John George Brown

About the Artist

John George Brown was one of the most popular artists in America at the turn of the twentieth century. His empathetic, and highly skilled, portrayal of children on the streets of New York made him a successful artist, whose works have been exhibited and sought out by collectors for more than a century.

Early Life and Education
John George Brown was born in Bensham, a small town in northern England, in 1831. His family was very poor and, at the age of fourteen, Brown began a seven-year apprenticeship as a glass-cutter in Newcastle-on-Tyne.
Brown showed considerable talent and skill as an artist at a very young age. When he was eighteen, and still working as an apprentice, he enrolled in classes at the Government School of Design, where he studied with Scottish artist William Bell Scott. He spent a year in Edinburgh, working at the Holyrood Glass Works in Edinburg and studying evenings at the Trustees Academy with Robert Scott Lauder. During the summer of 1853, Brown went to London to study at the Royal Academy. While in London, Brown painted portraits and used his earnings to board a ship to America.
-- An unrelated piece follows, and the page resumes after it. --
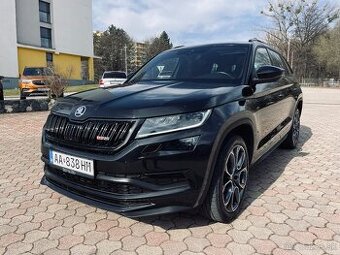 Škoda KODIAQ RS 2.0 BI-TDi 176kw 2020 Dsg Panoráma DPH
Brown settled in Brooklyn, where he got a job as a glass cutter at the Brooklyn Flint Glass Company. In 1855 he married Mary Ann Owen, daughter of the manager of the Glass Company. Brown worked at the Glass Company, painted portraits and studied at the National Academy of Design. With the help of his father-in-law, he was able to move his family to Manhattan and open a portrait studio. His work was exhibited and did well, but it was when he began to paint portraits of street children that his work gained so much popularity that by the mid-1860s he not only became a U.S. citizen, but a rich and famous U.S. citizen. Brown died in New York in 1913.

Brown was elected a full member of the National Academy of Design and served as vice president from 1899-1903.
His work can be found in the permanent collections of the Met, the National Academy Museum, the Corcoran Gallery of Art, the Brooklyn Museum, the Peabody Institute, the Smithsonian and other fine venues.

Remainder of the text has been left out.